I will come back to you about trying pypgx with conda install once I tested it out further.
Best regards, Peter
@Cyaneiss,
Please note that the "error" messages you received from the GeT-RM tutorial are actually warnings. They are fine. The fact that you obtained the SampleTable[Results]
file means everything worked well.
You can follow this section in the tutorial to make sure the results you got are accruate:
$ wget https://raw.githubusercontent.com/sbslee/pypgx-data/main/getrm-wgs-tutorial/grch37-CYP2D6-results.zip
$ pypgx compare-genotypes grch37-CYP2D6-pipeline/results.zip grch37-CYP2D6-results.zip
# Genotype
Total: 70
Compared: 70
Concordance: 1.000 (70/70)
# CNV
Total: 70
Compared: 70
Concordance: 1.000 (70/70)
@Cyaneiss,
Please note that the "error" messages you received from the GeT-RM tutorial are actually warnings. They are fine. The fact that you obtained the
SampleTable[Results]
file means everything worked well.
Thank you for the clarification. I thought these warnings were part of what caused my initial error. I get 100% concordance after using compare-genotypes, as you said. So the problem isn't caused by the installation itself. Do you maybe have an idea of what causes the error ?
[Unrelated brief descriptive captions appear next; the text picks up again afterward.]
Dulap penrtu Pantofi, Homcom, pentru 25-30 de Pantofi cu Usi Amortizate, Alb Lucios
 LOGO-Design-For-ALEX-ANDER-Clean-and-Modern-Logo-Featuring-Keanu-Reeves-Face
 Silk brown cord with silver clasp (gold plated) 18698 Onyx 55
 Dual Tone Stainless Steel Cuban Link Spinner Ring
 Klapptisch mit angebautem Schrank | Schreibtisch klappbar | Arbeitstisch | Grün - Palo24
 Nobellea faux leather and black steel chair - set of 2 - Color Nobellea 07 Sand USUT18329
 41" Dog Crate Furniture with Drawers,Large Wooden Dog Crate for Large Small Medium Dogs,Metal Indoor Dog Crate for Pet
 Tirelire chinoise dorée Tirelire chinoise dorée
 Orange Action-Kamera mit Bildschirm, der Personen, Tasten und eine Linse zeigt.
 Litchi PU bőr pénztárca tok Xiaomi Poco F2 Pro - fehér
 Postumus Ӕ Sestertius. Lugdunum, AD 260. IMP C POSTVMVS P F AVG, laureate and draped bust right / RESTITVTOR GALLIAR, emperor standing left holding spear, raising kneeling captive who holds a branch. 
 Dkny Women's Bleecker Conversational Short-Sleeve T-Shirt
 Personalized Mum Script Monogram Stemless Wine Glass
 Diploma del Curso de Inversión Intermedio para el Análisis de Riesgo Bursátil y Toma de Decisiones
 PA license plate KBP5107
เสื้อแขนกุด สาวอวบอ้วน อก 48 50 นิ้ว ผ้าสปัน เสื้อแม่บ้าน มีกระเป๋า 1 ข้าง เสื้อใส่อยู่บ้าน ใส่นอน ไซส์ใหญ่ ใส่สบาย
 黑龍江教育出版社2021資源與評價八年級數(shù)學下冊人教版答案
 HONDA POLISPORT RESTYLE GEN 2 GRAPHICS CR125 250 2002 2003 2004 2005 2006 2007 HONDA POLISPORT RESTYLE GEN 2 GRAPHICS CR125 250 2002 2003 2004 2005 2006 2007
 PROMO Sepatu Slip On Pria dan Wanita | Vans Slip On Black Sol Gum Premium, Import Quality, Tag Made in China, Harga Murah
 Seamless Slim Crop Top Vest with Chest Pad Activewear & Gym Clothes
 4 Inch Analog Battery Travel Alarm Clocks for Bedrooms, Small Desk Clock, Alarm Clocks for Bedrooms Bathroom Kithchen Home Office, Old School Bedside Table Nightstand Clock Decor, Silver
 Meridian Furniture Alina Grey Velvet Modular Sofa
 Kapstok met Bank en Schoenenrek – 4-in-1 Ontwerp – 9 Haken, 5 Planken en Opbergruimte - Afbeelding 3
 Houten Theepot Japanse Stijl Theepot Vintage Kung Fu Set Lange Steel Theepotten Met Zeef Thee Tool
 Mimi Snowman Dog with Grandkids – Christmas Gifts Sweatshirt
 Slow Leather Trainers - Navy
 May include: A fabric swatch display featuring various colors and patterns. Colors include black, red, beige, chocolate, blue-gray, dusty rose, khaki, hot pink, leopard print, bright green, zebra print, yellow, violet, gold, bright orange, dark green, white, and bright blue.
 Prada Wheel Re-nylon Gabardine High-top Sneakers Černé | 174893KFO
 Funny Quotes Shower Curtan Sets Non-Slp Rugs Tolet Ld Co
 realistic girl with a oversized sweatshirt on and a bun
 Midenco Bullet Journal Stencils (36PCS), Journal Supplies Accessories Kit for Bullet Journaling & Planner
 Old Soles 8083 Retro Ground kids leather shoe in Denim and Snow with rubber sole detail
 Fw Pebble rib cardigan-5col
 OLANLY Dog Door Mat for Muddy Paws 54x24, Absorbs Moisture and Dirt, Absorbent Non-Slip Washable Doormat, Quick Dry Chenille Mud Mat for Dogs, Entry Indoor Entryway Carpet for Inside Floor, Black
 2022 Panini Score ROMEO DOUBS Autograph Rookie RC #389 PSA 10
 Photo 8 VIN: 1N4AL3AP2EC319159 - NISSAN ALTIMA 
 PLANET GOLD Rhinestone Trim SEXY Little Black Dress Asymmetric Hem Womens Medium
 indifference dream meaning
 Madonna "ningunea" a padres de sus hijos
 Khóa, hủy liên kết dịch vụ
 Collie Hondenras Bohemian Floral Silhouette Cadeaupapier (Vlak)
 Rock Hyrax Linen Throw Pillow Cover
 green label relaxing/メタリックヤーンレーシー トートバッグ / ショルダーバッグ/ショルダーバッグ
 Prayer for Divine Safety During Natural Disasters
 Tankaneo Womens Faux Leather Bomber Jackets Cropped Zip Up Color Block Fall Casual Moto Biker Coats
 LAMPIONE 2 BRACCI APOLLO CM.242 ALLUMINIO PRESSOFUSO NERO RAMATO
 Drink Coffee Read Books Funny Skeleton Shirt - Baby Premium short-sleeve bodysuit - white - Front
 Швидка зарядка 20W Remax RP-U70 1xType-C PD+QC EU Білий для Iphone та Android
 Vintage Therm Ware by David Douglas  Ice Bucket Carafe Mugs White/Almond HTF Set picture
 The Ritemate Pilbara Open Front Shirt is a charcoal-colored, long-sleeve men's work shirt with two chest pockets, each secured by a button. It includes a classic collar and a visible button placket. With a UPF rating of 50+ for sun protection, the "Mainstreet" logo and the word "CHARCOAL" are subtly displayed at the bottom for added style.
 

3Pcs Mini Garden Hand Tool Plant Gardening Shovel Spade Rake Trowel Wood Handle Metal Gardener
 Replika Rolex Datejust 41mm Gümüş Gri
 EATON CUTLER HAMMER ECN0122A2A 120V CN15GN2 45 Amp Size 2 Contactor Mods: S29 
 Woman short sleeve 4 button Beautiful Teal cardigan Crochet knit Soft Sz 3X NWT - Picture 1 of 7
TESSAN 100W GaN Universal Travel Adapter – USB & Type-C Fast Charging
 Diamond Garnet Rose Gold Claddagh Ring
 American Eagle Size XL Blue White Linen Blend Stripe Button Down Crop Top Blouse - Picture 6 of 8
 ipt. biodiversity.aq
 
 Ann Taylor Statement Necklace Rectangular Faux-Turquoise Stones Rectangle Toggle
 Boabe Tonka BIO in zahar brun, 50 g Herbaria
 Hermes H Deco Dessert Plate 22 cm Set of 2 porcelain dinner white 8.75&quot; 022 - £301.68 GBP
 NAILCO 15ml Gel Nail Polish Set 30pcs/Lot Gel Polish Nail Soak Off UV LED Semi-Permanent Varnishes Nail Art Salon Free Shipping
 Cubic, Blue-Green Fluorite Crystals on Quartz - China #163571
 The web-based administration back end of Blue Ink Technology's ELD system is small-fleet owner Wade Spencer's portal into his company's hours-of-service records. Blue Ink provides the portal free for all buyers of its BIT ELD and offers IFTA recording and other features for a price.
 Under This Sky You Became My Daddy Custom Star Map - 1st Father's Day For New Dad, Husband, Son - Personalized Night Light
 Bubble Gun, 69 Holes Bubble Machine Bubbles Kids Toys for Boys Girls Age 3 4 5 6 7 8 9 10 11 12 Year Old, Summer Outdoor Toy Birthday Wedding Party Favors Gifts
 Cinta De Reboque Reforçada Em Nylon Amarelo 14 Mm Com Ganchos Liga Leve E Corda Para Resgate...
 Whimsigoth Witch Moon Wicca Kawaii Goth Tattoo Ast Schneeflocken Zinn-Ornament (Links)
Concerning my tries with installing and running PyPGx with conda, I tried the solution you linked me to (both with v0.15.0 and v0.25.0 of PyPGx), but got the following error :
(base) user:~/Documents/JCB/pypgx/bamSophia$ conda create -n pypgx -c bioconda conda-forge pypgx=0.15.0 fuc=0.33.1
Channels:
- bioconda
- defaults
Platform: linux-64
Collecting package metadata (repodata.json): done
Solving environment: failed
LibMambaUnsatisfiableError: Encountered problems while solving:
- nothing provides matplotlib-venn needed by fuc-0.33.1-pyh5e36f6f_0
- nothing provides requested conda-forge
Could not solve for environment specs
The following packages are incompatible
├─ conda-forge does not exist (perhaps a typo or a missing channel);
└─ fuc 0.33.1** is not installable because it requires
└─ matplotlib-venn, which does not exist (perhaps a missing channel).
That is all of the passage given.